Opportunities for the next generation

While Europe is aging, other parts of the world are home to relatively large shares of young people. Youth are coming to Europe to study, work, train, travel, and volunteer, but access to these opportunities remains limited, especially due to rigid immigration regulations and with regard to socioeconomic status. Mobility (whether shorter or longer in duration), if designed and implemented well, can provide a range of opportunities, including personal, academic, and career development. 

Mobility programmes offer the chance for young people to work, train, and/or study abroad, thereby gaining international experience, enhancing foreign language skills, and expanding their social and professional networks. These initiatives could help destination countries augment their international relations, gain tourism- and education-related revenues, or even support talent attraction efforts. Origin countries, for their part, can benefit from workforce development, skills transfers, and remittances. Undoubtedly, Europe’s youth also stand to benefit from the chance to gain international experiences, deepen language and academic/technical knowledge, and participate in cultural exchange. Expanding options for youth mobility and thinking outside of the box can unlock more opportunities for more youth in more countries.

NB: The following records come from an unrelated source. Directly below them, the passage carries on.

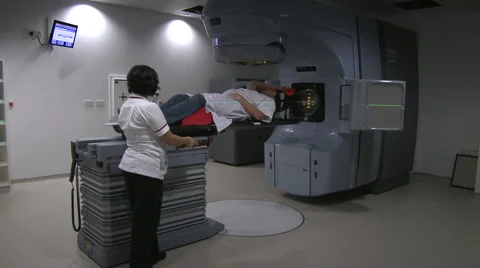 Linear Accelerator Machine Wide2 Stock Footage 47713405
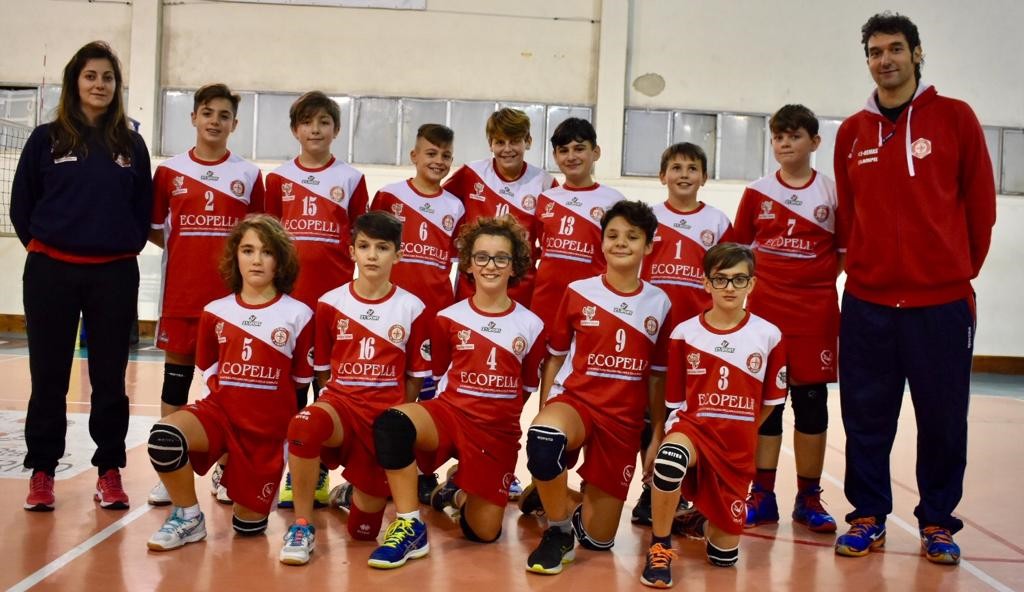 UNDER 13: I LUPACCHIOTTI SI DIVERTONO E DIVERTONO.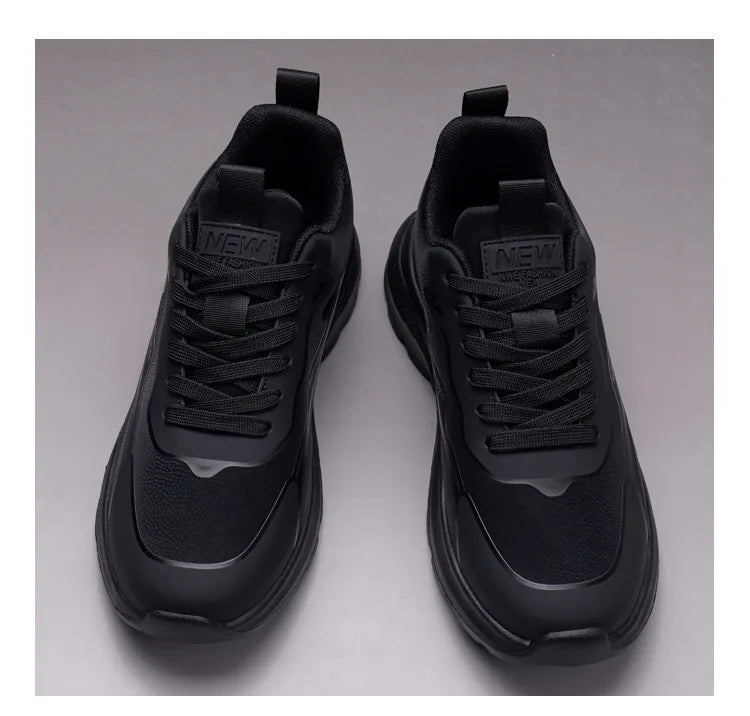 Men's shoes 2026 new trendy soft soled casual shoes for spring and summer, breathable and comfortable running sports shoes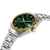 Tissot Gentleman Gold Bezel Powermatic 80 38 mm Green Dial 18K Yellow Gold [T934.807.41.091.00]
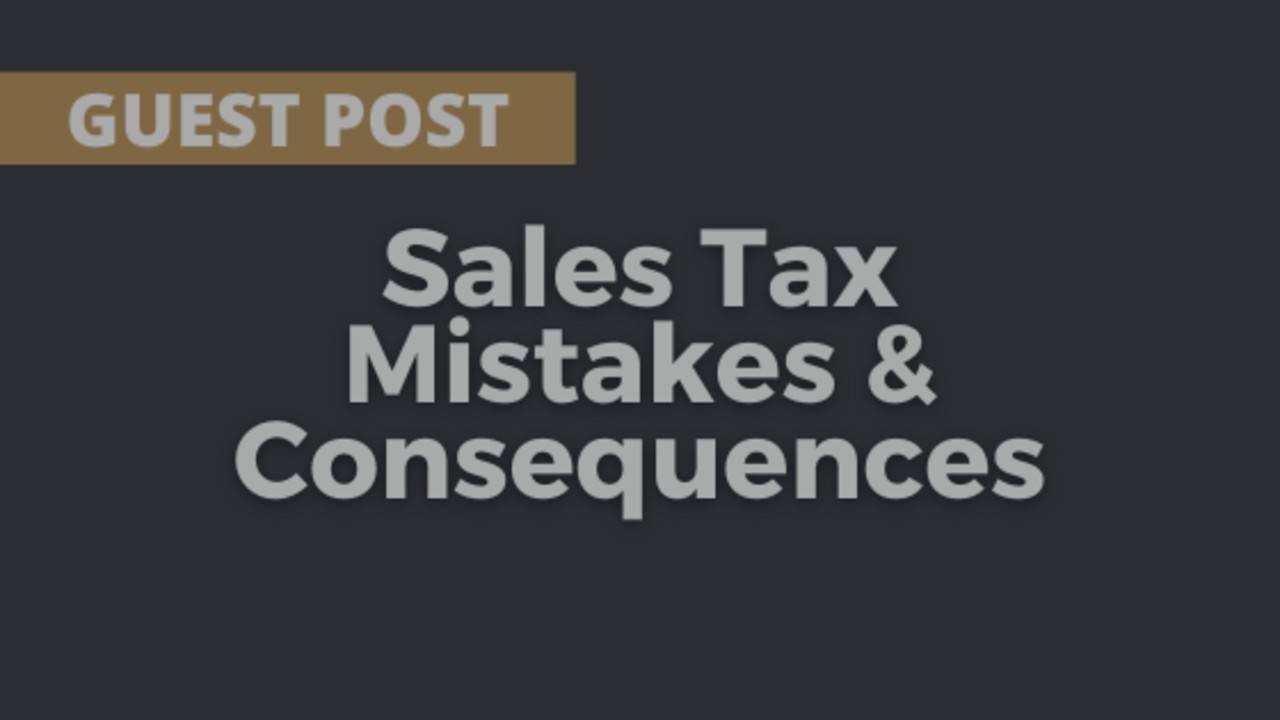 7 Consequences of Failing to Pay State Sales Tax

Realising the opportunities

In the public debate, the challenges with regard to migration tend to overshadow the opportunities. Knowing that there are challenges should not prevent us from working to tap into the potential. A more far-sighted and comprehensive view of migration can help make the most of possibilities to respond to challenges like labour shortages, global displacement, climate change, and demographic imbalances. Of course migration is not a panacea for the issues faced, nor is it the only tool available. But we should think about these opportunities and strive to realise them – in both senses of the term. This means recognising the potential and thinking strategically, proactively, and creatively to seize these opportunities. 

*Caitlin Katsiaficas is a policy analyst at the International Centre for Migration Policy Development. She has held various positions at research institutions, governmental organisations, and NGOs in Europe and the United States, including the Migration Policy Centre, George Washington University, Migration Policy Institute, World Bank, and International Rescue Committee. 

**Opinions expressed in this publication are those of the author alone.